Mais, pour mener des discussions constructives, les directions achats doivent évoluer, adopter un nouveau mode de pensée. "Les acheteurs ne doivent plus procéder de la même façon. Ils doivent être en mesure de construire des solutions plus intelligentes avec leurs fournisseurs et non pas uniquement produire un cahier des charges et prendre le sous-traitant le moins cher. Mais cela nécessite un état d'esprit différent", souligne Grégory Wanlin. Il faut donc garder cela en tête lors des recrutements, mais aussi accompagner ses équipes vers cette nouvelle culture, notamment à travers des formations. C'est, en effet, en adoptant ce nouveau mode de pensée, tourné vers le partenariat, que des négociations réellement "gagnant-gagnant" pourront avoir lieu. "En tissant un lien de confiance avec ses fournisseurs, il sera possible d'obtenir des conditions intéressantes sur les délais de paiement ou, encore, de négocier une reprise du stock non utilisé", rappelle Grégory Wanlin. Ce qui conduira ainsi à une amélioration de la trésorerie, et cela sur du long terme.

Des process plus efficaces

Un dialogue constructif avec ses fournisseurs est donc nécessaire pour améliorer son cash, car c'est uniquement de cette façon que des solutions durables pourront être trouvées. De manière générale, une bonne gestion des fournisseurs est nécessaire en matière de préservation de la trésorerie. David Brault conseille, par exemple, de réduire le nombre de ses fournisseurs pour obtenir de meilleures conditions, que ce soit concernant les prix, mais aussi les délais de paiement. "L'objectif est de sélectionner les meilleurs fournisseurs pour leur fournir un plus gros volume de commandes. La difficulté, actuellement, est de s'engager sur des volumes de commandes, étant donné le manque de visibilité", explique David Brault.

Au lieu de s'engager sur de gros volumes de commandes, Christophe Durcudoy préconise de négocier davantage d'agilité avec les fournisseurs, de passer des commandes moins volumineuses, mais plus régulières. On revient sur la nécessité du dialogue, pour partager ses problématiques avec ses sous-traitants et comprendre, en parallèle, les leurs. Et ces discussions peuvent être plus facilement menées, il est vrai, avec un nombre réduit de fournisseurs avec lesquels un partenariat de confiance a été construit.

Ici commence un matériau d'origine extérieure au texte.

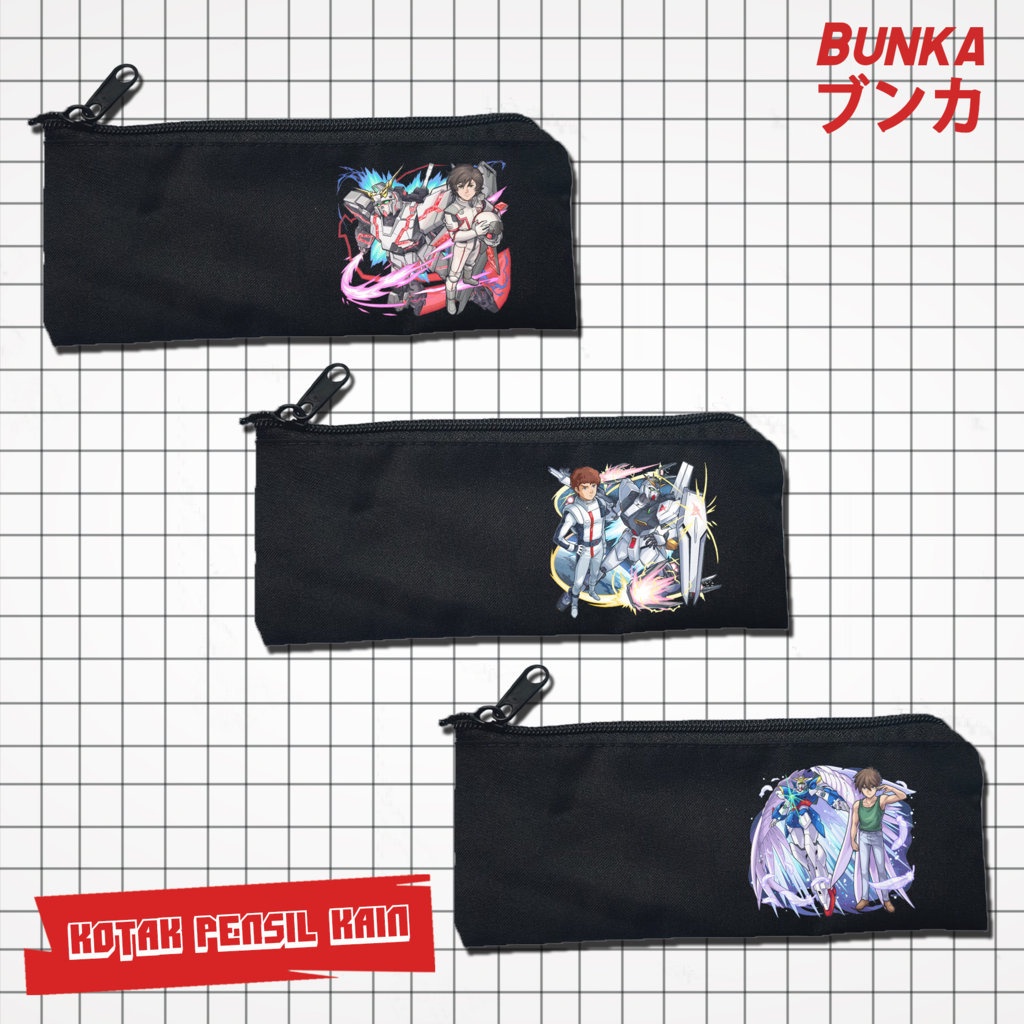

Untuk anak Pouch Tempat Pensil Anime Gundam Universe Murah Bahan Kain Souvenir Pernikahan Bisa Bayar Ditempat cod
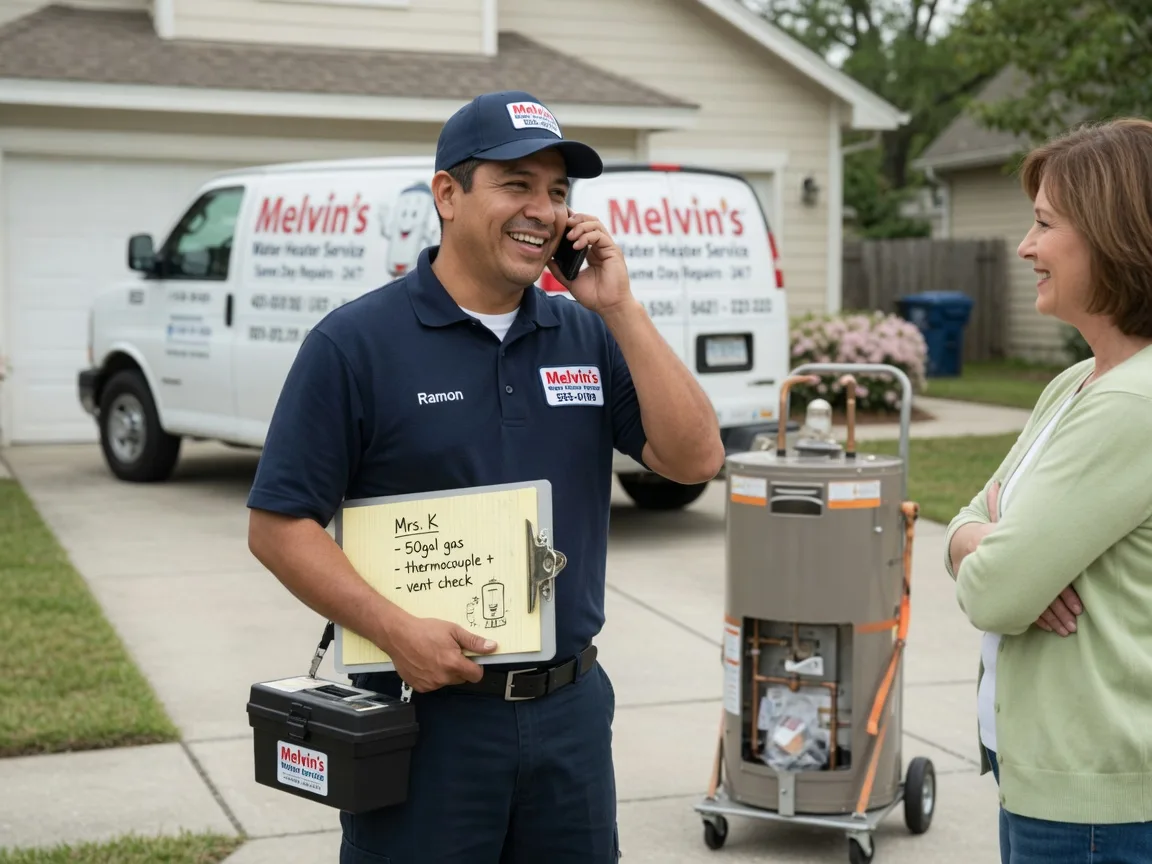 Water Heater Repair Fairfield, NC FAQs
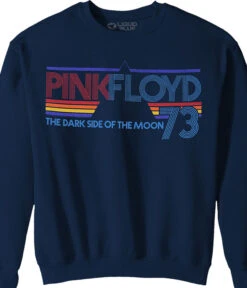 Pink Floyd Sun Is The Same Navy Sweatshirt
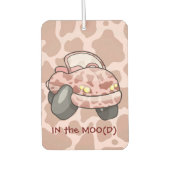 Moo Car Autolufterfrischer (Vorderseite)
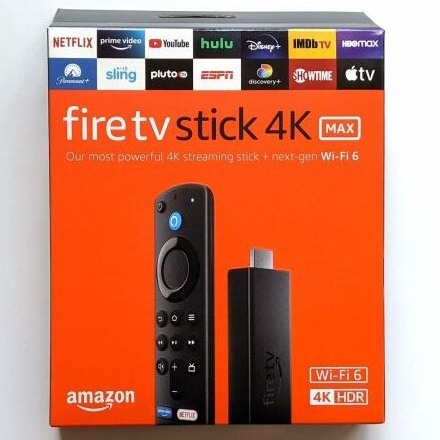 ADAPTADOR  FIRE TV STICK 4K GEN2 ALEXA S/G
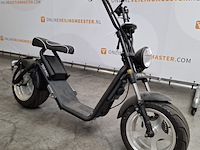 E-chopper/snorscooter, spyder wheelz, l1e-b - afbeelding 12 van  32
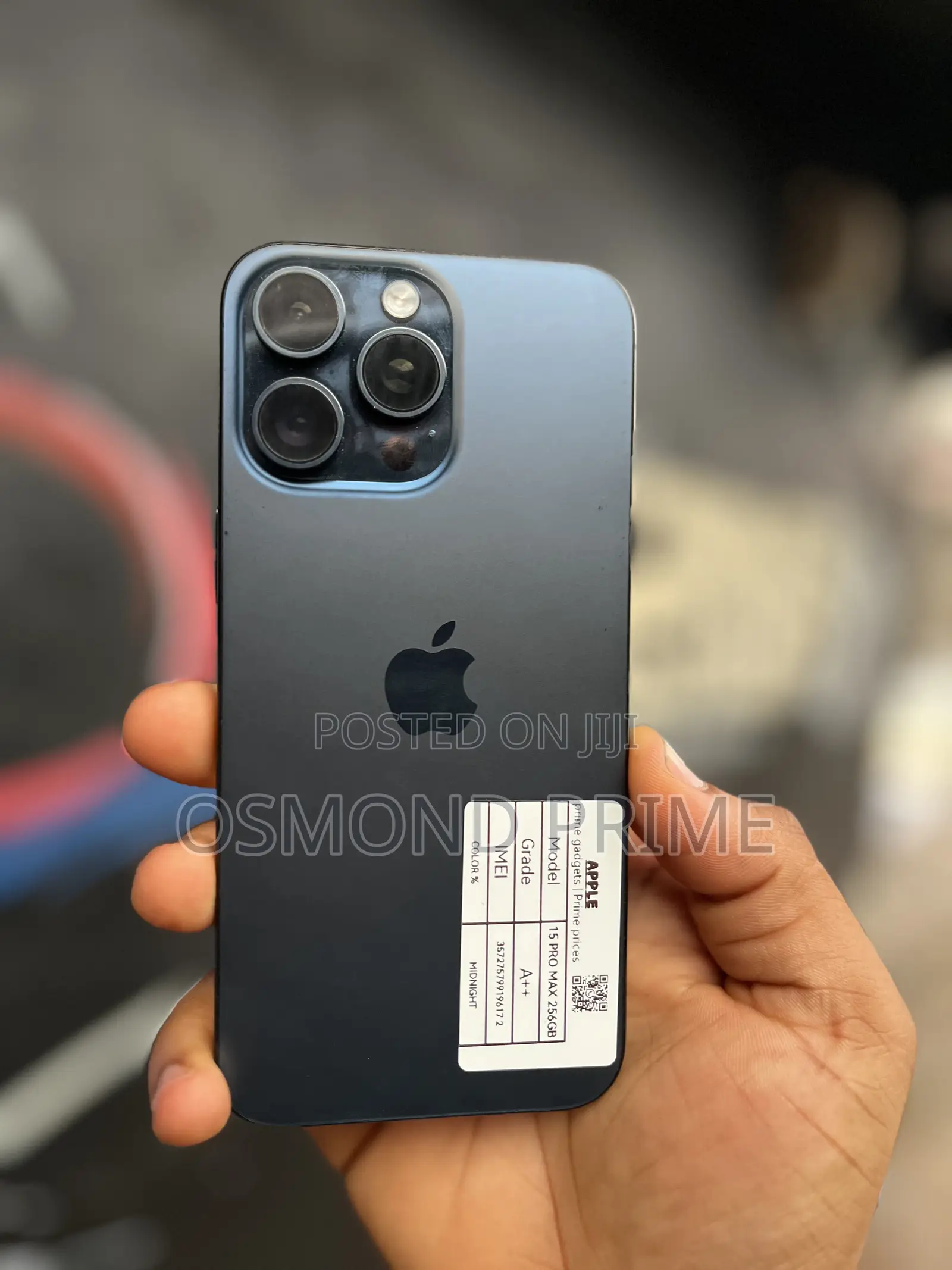 Apple iPhone 15 Pro Max 256 GB Blue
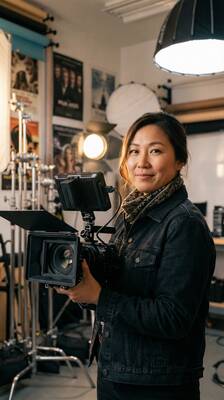 国产摄影师李婷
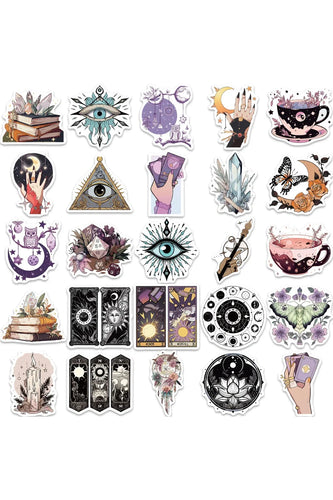 Witch Crystal Tarot Sticker | Bowlift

Réévaluer son référentiel fournisseurs peut aussi être l'occasion de se poser des questions sur la relocalisation, par exemple : "La crise peut être l'occasion de revoir ses stratégies d'achat, de prendre un peu de hauteur", indique Christophe Durcudoy.

Si le référentiel fournisseurs doit être réévalué, Didier Louro pense qu'il faut également travailler sa qualité, pour pouvoir facilement contacter les services comptables. Pour lui, cela simplifiera la mise en place ou le renforcement des plateformes de dématérialisation. "Pouvoir facilement contacter les services comptables permettra de les accompagner dans l'adoption de ce nouvel outil. La crise est l'occasion de rendre l'ensemble des processus achats plus efficaces", conseille-t-il. Pour lui, des processus plus performants favoriseront une meilleure efficacité opérationnelle et offriront nécessairement une meilleure visibilité en termes de trésorerie. Notamment en généralisant les bons de commande pour faciliter le rattachement aux factures. "Cela nécessite de travailler avec les prescripteurs internes afin qu'ils prennent bien en main les outils et comprennent les bénéfices pour eux-mêmes, l'entreprise et leurs partenaires", indique Didier Louro. Des process plus efficaces pour plus de cash.